Caleres (CAL) reported its fiscal 2026 Q1 earnings on May 29th, 2025. The revenue fell short of expectations, missing Wall Street's estimates by 1.3%. The company has suspended guidance due to ongoing market uncertainties, including tariff issues. Despite weak February sales, there was a modest improvement in March and April. However, operating earnings were pressured by lower gross margins and increased costs.
plans to cut SG&A expenses by $15 million annually to address these challenges and is optimistic about its strategic plan and future growth.
Revenue Caleres's revenue declined by 6.8% to $614.22 million in Q1 2026, compared to $659.20 million in the previous year. Famous Footwear contributed $327.68 million, while the Brand Portfolio segment added $295.39 million. The Eliminations and Other category accounted for a negative $8.85 million, resulting in total consolidated revenues of $614.22 million.
Earnings/Net Income Caleres's EPS fell sharply by 76.1% to $0.21 in Q1 2026, compared to $0.88 in Q1 2025. The net income plummeted by 80.7%, down to $5.95 million from $30.80 million. These numbers reflect disappointing earnings performance.
Price Action The stock price of Caleres has tumbled 9.29% during the latest trading day, has plummeted 17.51% during the most recent full trading week, and has tumbled 14.34% month-to-date.
Post-Earnings Price Action Review The strategy of purchasing Caleres (CAL) shares post-revenue drop on the financial report release date and holding them for 30 days has resulted in significant underperformance. The return on this strategy was -31.95%, drastically lagging behind the benchmark return of 39.33%. The excess return was -71.29%, and the CAGR stood at -12.16%, highlighting substantial losses over the three-year period. Additionally, the strategy experienced a high maximum drawdown of -61.41% and a Sharpe ratio of -0.26, indicating considerable risk with negative returns. Overall, the approach demonstrated poor results and suggested a lack of resilience in the face of fluctuating market conditions.
CEO Commentary Jay Schmidt, President and CEO, noted that while Caleres' brands resonate with consumers and both business segments gained market share, first-quarter results fell short of expectations due to weak sales in February and pressured operating earnings. He emphasized the need to control factors within their control, such as optimizing sourcing strategies and reducing SG&A expenses by $15 million annually. Schmidt expressed optimism about improvements in retail momentum and growth in the international business, stating, "We are confident in our ability to get back on track, execute our strategic plan, invest to fuel our growth initiatives, and drive sustained value for our shareholders."

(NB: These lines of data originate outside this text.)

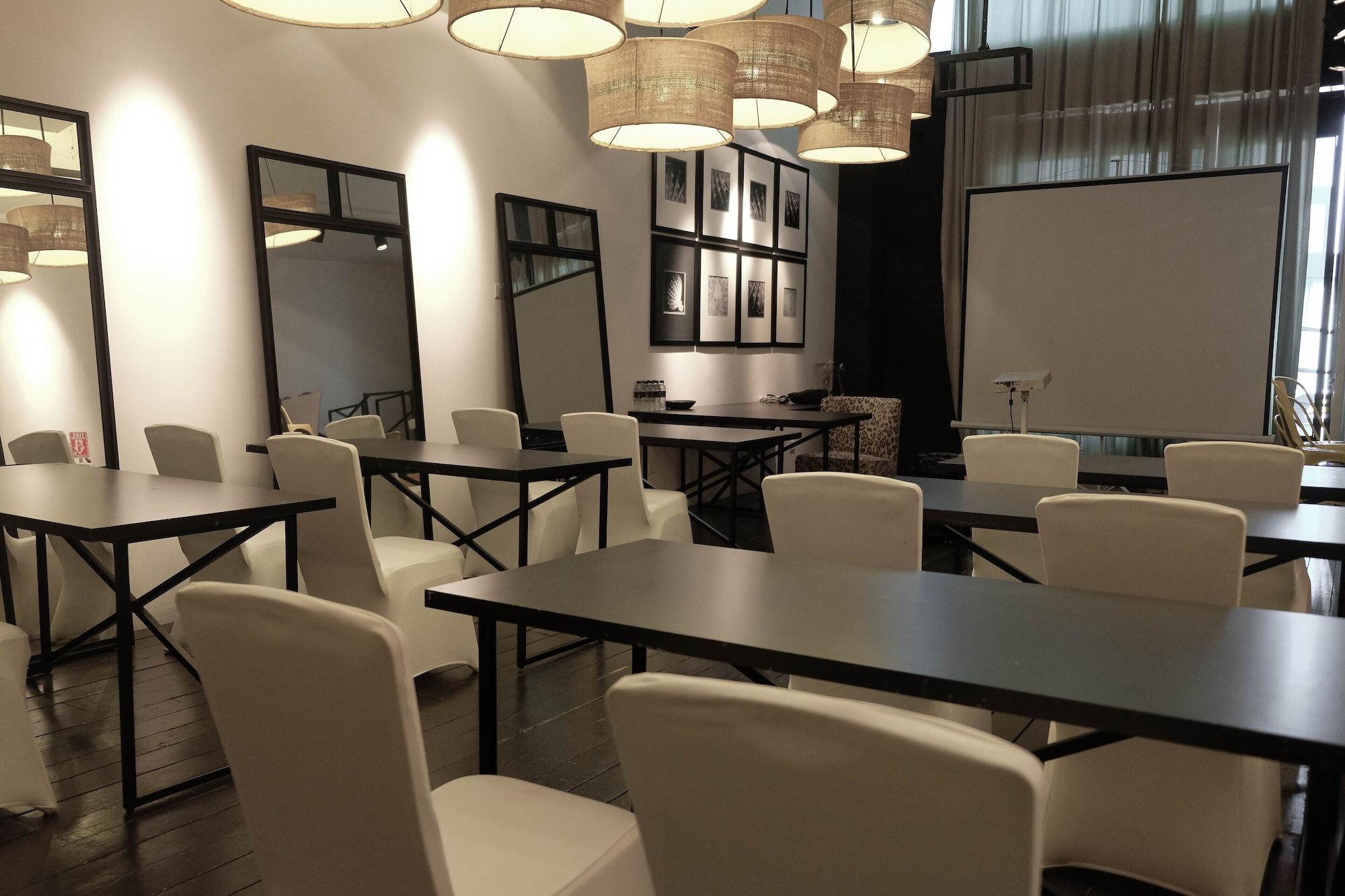 Sala de Reuniones M Boutique Hotel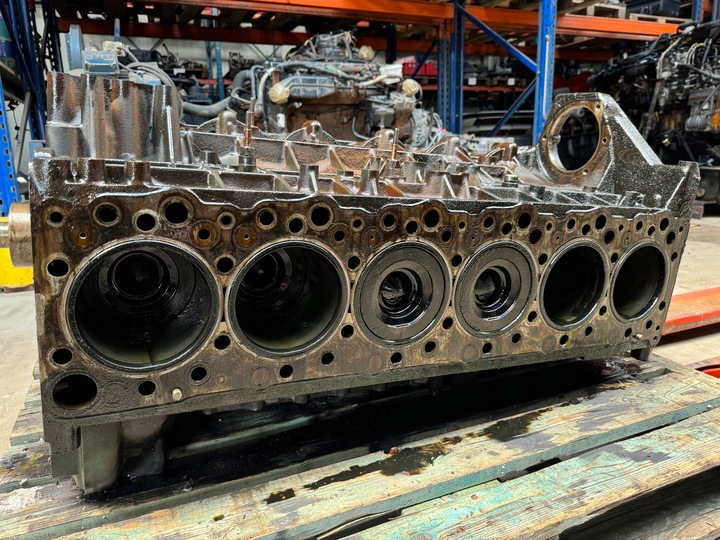 фото №8, Блок стійка двигуна комплектний курсор 11 iveco stralis hi-way e 6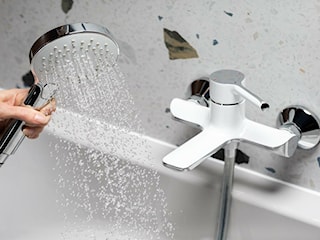 Wanna z prysznicem – czy warto postawić na rozwiązanie 2w1? Sprawdzamy 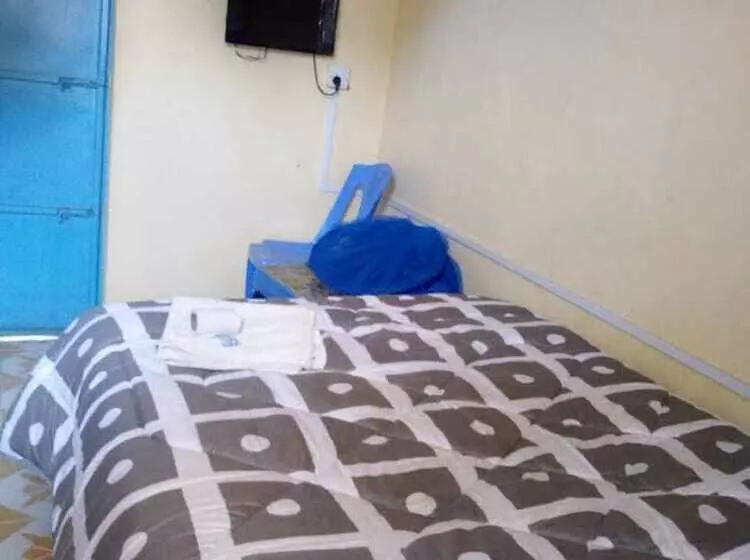 هتل At Ease Guest House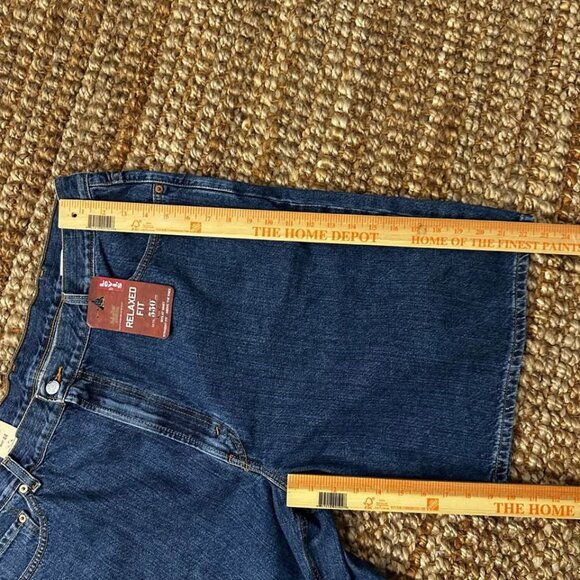 New Levi’s Jeans Denim Shorts (44 Men’s) - Picture 4 of 5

Guidance Caleres has suspended guidance due to ongoing uncertainties related to tariffs and market conditions. However, quarterly performance to date indicates that comparable sales for Famous are slightly better than Q1's 4.6% decline, while direct-to-consumer sales in the brand portfolio have shown modest increases. The company expects to realize $7.5 million in SG&A savings in the second half of 2025 from structural expense reductions, contributing to overall financial improvement.

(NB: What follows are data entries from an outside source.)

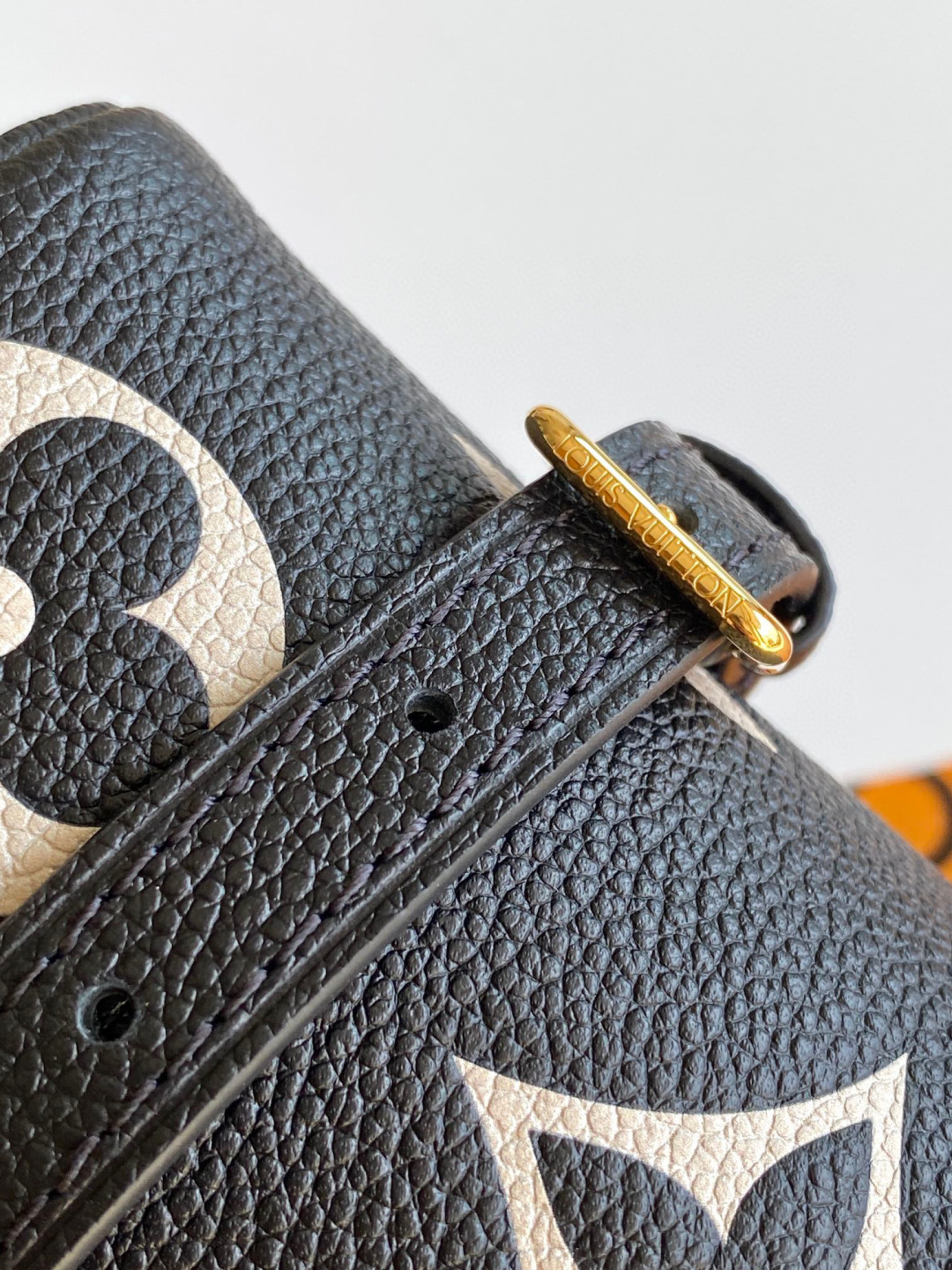 Louis Vuitton MB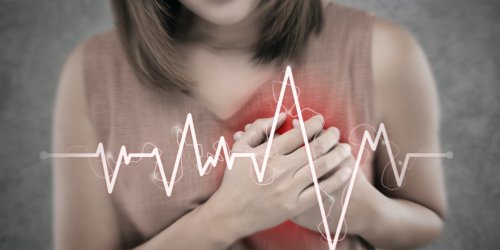 Crise cardiaque : les femmes plus exposees a ces 3 facteurs de risque
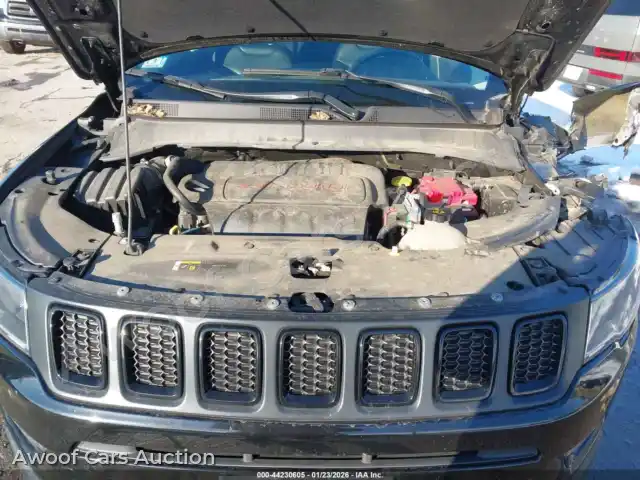 2021 Jeep Compass 3C4NJDBB1MT569327 — Iaai auction photo 10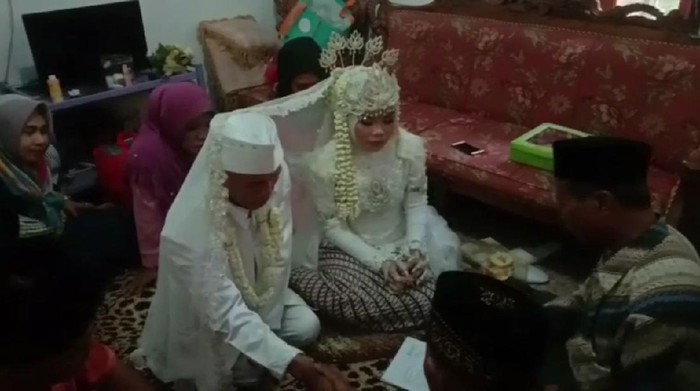 Heboh Kakek 78 Tahun Nikahi Gadis Usia 17 Tahun Di Subang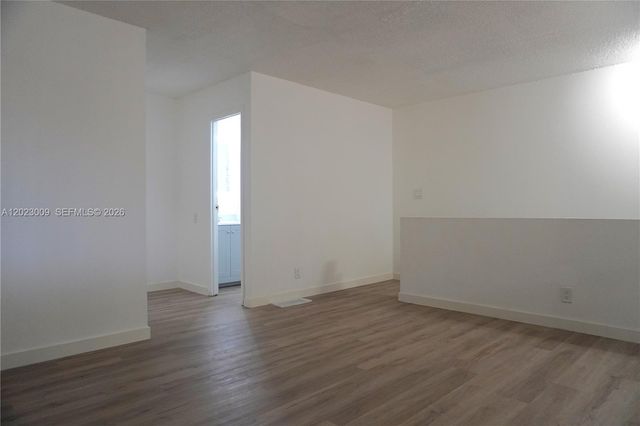 17901 NW 68th Ave S204, Hialeah, FL 33015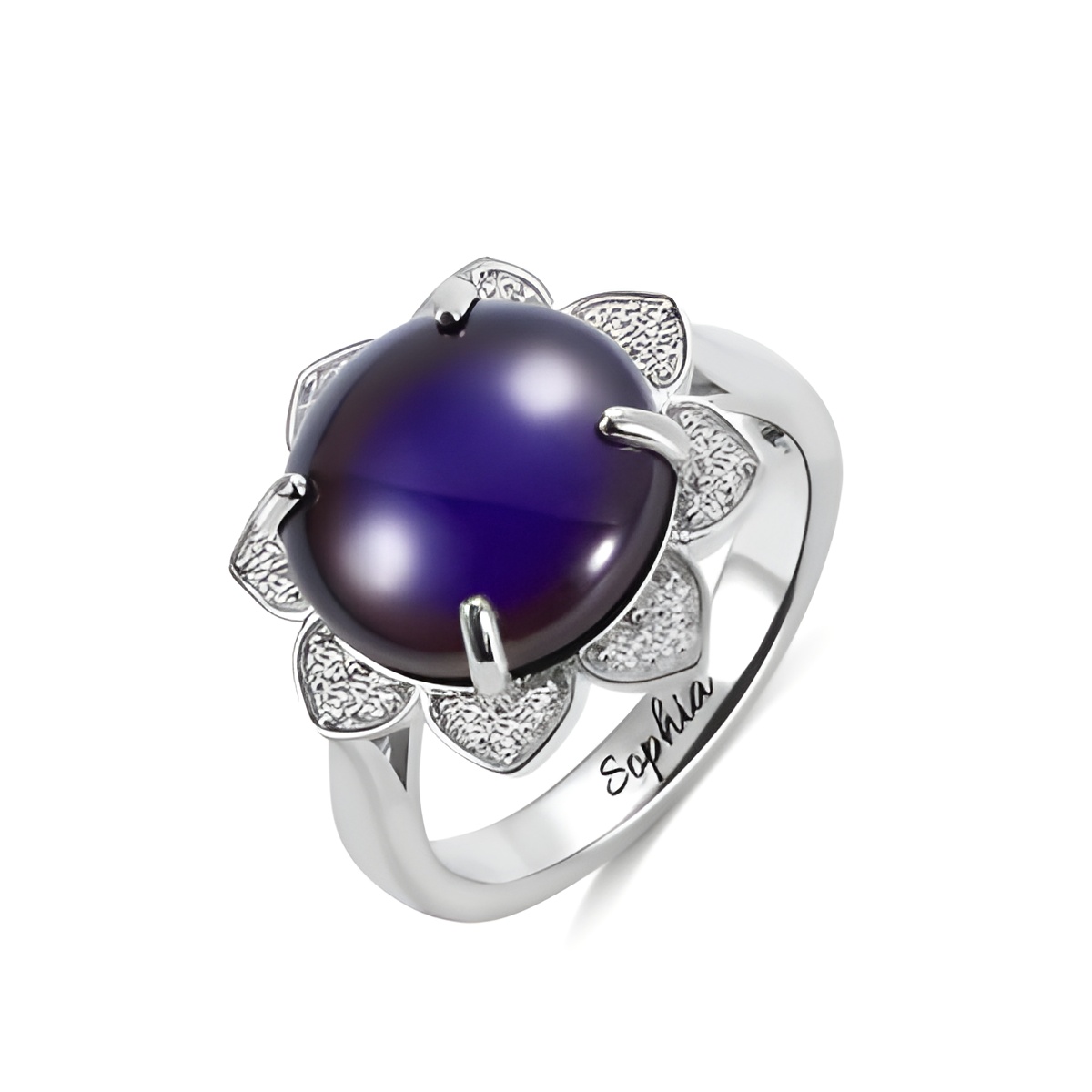 Sterling silver mood ring reflecting emotions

Additional News Recently, Caleres announced plans to acquire luxury brand Stuart Weitzman later this year, as part of its growth strategy. Additionally, the company repurchased 300,000 shares at an average price of $16.81 to counteract dilution from stock-based compensation. In another strategic move, Caleres aims to reduce its reliance on Chinese sourcing, targeting a 10% or less dependency by the latter half of 2025. These initiatives reflect Caleres's commitment to navigating current challenges while positioning itself for sustainable growth.